Your task in this problem is to run the clustering algorithm from lecture on this data set, where the target number k of clusters is set to 4. What is the maximum spacing of a 4-clustering?

ADVICE: If you're not getting the correct answer, try debugging your algorithm using some small test cases.

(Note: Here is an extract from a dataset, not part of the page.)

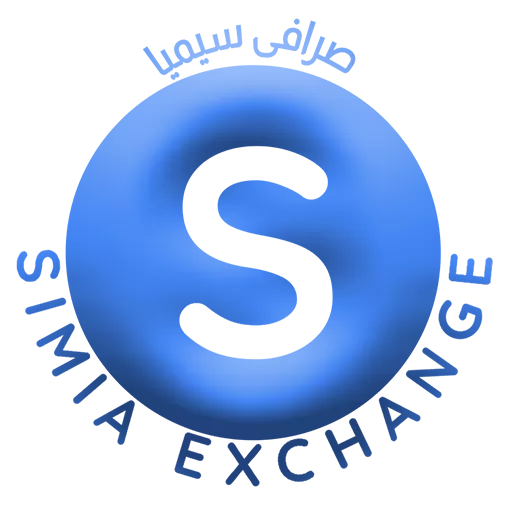 Simia Exchange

And then post them to the discussion forum!



# Union Find
Implement the union find data structure with path compression

In [233]:
import random
import numpy as np

class union_find_pc(object):    
    def __init__(self, nodes):
        self.leader = [i for i in range(len(nodes))]
        self.rank = [0 for i in range(len(nodes))]
        self.clusters = set([i for i in range(len(nodes))])
        
    def FIND(self, x):           
        n = x
        
        while self.leader[n] != n:
            n = self.leader[n]
            
        self.leader[x] = n   
        return n
     
    def UNION(self, a, b):   
        
        a = self.FIND(a)
        b = self.FIND(b)
#         print ("parent of a {} - parent of b {}".format(a,b))
        if (a == b):
            return 
        
        if (self.rank[a] == self.rank[b]):
            # make a the leader of b and all its object            
            flip = random.random() > 0.5
#             print ("flip", flip)
            if flip==1:
                self.leader[b] = a                             
                self.rank[a] += 1
            else:
                self.leader[a] = b                             
                self.rank[b] += 1
                
        elif (self.rank[a] > self.rank[b]):
            # make a the leader of b and all its object
            self.leader[b] = a                             
        else:
            self.leader[a] = b 
            
    def getClusters(self): 
        n_clusters = []
        for i in range(len(self.leader)):
            if self.leader[i] == i:
                n_clusters.append(i)
        return n_clusters

Test the Union-Find data structure on a simple test case

In [12]:
obj = union_find_pc([0,1,2,3,4])

print ("=UNION(0,1)")
obj.UNION(0,1)
print (obj.FIND(1))
print (obj.FIND(2))
print ("leaders", obj.leader)
print ("rank", obj.rank)
print ("clusters", obj.getClusters())

print ("=UNION(2,3)")
obj.UNION(2,3)
print ("leaders", obj.leader)
print ("rank", obj.rank)
print ("clusters", obj.getClusters())

print ("=UNION(0,2)")

obj.UNION(0,2)
print ("leaders", obj.leader)
print ("rank", obj.rank)
print ("clusters", obj.getClusters())

print ("=UNION(0,4)")
obj.UNION(0,4)
print ("leaders", obj.leader)
print ("rank", obj.rank)

print ("clusters", obj.getClusters())

=UNION(0,1)
0
2
leaders [0, 0, 2, 3, 4]
rank [1, 0, 0, 0, 0]
clusters [0, 2, 3, 4]
=UNION(2,3)
leaders [0, 0, 3, 3, 4]
rank [1, 0, 0, 1, 0]
clusters [0, 3, 4]
=UNION(0,2)
leaders [3, 0, 3, 3, 4]
rank [1, 0, 0, 2, 0]
clusters [3, 4]
=UNION(0,4)
leaders [3, 0, 3, 3, 3]
rank [1, 0, 0, 2, 0]
clusters [3]


## Problem 1 Solution

In [262]:
FILE = "./clustering1.txt"
# FILE = "./clustering1-example-500-solution-2639.txt"
K =  4 
fp = open(FILE, 'r')

n_nodes = int(fp.readline())

edges = []
vertices = set()
MAX_WEIGHT = 0

for row in fp.readlines():
    r = row.strip().split(" ")
    
    vertices.add(int(r[0]))
    vertices.add(int(r[1]))
    weight = int(r[2])
    if weight > MAX_WEIGHT:
        MAX_WEIGHT = weight
        
    edges.append([int(r[0]),int(r[1]), int(r[2])])
    
sortedEdges = sorted(edges, key=lambda x: x[2])
# print (sortedEdges)

vertices = list(vertices)
v_to_idx = {vertices[i]:i for i in range(len(vertices))}

obj = union_find_pc([i for i in range(n_nodes)])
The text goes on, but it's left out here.